Néanmoins la prévention secondaire présente également des limites:
- D’abord, la gestion du stress, faite de manière sérieuse, touche à des dimensions intimes de l’individu (affect, émotions, attitudes existentielles, relations à soi-même et aux autres, choix de vie, …) et risque d’impliquer une mise en cause de nos modes de fonctionnement habituels. Ce travail sur soi-même ne peut se faire que sur une base volontaire. Or, tous les individus ne sont pas désireux de travailler sur des dimensions aussi profondes. Et parfois, dans les organisations de travail, on remarque que ce sont précisément les personnes dont les collègues pensent qu’elles en auraient le plus besoin (les plus stressées ou les plus stressantes pour les autres) qui sont le moins enclines à s’y aventurer.

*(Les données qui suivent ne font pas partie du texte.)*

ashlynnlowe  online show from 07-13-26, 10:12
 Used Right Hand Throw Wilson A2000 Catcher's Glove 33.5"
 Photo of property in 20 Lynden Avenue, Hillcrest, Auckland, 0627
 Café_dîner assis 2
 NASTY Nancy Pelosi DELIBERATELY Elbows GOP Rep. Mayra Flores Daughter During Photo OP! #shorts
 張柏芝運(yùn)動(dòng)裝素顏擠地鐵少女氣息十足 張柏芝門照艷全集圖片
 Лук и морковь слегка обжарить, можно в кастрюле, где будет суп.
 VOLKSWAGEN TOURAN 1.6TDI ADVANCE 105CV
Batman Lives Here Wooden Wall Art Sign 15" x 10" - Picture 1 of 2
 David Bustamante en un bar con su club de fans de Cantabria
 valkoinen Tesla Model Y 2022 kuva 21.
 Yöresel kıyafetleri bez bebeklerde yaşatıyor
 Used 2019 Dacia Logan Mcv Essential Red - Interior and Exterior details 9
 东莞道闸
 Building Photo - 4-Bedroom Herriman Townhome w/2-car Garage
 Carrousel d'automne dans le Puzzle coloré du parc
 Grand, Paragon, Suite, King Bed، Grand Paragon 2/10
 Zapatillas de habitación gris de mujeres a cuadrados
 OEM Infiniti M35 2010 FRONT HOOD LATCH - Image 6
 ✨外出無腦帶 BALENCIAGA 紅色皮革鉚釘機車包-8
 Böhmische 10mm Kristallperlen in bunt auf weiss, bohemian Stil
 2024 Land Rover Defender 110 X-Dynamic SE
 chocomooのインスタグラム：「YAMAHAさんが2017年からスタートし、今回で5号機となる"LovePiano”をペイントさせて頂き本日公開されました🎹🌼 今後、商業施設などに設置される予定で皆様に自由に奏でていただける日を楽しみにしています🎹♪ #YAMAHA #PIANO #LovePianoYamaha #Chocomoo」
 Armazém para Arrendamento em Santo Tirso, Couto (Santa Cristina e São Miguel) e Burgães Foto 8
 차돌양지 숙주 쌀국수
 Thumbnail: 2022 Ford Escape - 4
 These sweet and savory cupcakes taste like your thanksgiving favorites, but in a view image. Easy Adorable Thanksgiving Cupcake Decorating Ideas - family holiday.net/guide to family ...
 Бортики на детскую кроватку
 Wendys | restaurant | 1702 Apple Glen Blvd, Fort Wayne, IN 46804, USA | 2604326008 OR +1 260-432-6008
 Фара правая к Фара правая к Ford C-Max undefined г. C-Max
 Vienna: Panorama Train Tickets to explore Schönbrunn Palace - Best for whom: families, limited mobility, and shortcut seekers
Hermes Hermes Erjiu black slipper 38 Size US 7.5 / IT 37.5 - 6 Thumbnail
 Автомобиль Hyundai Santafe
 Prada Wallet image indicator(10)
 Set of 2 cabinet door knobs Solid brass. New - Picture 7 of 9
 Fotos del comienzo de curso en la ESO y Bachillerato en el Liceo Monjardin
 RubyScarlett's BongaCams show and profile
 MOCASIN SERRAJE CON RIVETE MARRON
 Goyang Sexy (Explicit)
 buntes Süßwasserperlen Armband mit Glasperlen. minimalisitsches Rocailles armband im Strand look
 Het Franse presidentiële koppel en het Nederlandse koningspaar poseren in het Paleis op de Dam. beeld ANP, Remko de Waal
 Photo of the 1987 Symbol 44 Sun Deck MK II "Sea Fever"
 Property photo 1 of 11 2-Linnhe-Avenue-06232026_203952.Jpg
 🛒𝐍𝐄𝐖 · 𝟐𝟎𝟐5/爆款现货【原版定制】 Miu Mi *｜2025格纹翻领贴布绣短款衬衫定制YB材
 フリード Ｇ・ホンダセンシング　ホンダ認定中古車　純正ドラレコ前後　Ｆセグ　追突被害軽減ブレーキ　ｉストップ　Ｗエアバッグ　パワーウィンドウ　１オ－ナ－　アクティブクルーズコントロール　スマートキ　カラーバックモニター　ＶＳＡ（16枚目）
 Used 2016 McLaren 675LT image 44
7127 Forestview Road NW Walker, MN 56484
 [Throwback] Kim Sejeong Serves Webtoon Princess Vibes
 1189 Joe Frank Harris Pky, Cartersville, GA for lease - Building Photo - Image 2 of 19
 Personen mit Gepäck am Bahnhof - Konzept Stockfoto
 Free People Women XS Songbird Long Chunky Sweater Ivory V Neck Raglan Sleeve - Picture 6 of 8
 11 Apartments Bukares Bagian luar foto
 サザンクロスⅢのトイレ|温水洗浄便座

- Ensuite, les approches portant principalement sur le développement personnel ou l’apprentissage de la gestion du stress individuel risquent d’être un moyen pour l’entreprise de se décharger de toute responsabilité en reportant la problématique sur les qualités intrinsèques des individus et, donc, sur les salariés. La gestion du stress devient alors une affaire exclusivement individuelle, où l’entreprise intervient au mieux au titre de sponsor.
- La prévention primaire consiste à éviter l’apparition des situations à risque, en travaillant en amont à la réduction des facteurs de risque. Il s’agit de prévention au sens propre du terme puisque l’on intervient à la source avant même que la situation ne soit dégradée, pour prévenir cette dégradation. En matière de risques psychosociaux, la prévention primaire touche à l’organisation du travail, aux styles managériaux, aux modes de fonctionnement de l’entreprise et aux conditions de travail.
- On peut considérer que la prévention primaire est la plus efficiente en termes d’allocation optimale des ressources: mieux vaut arrêter de casser des jambes que de réparer sans cesse des jambes cassées ou d’apprendre aux individus à mieux gérer la douleur de la jambe cassée.
- Néanmoins, il ne faut pas se faire d’illusion. Le monde du travail ne sera jamais un monde parfait gouverné par les seuls bons sentiments . Si l’approche de prévention primaire permet de réduire nombre de facteurs de stress professionnels et permet une grande amélioration, parfois spectaculaire, de la qualité de vie au travail au sein des entreprises, elle ne va pas faire disparaître tous les problèmes par un coup de baguette magique. En particulier, elle a peu de prise sur les problématiques individuelles (personnelles) et relationnelles, les dernières pouvant être liées à des enjeux de pouvoir entre individus inhérents à toute organisation sociale. Et même les entreprises où il fait bon travailler ont tout intérêt à se prémunir à tous les niveaux, en intégrant la prévention secondaire et tertiaire dans un plan général de prévention organisé autour de la prévention primaire.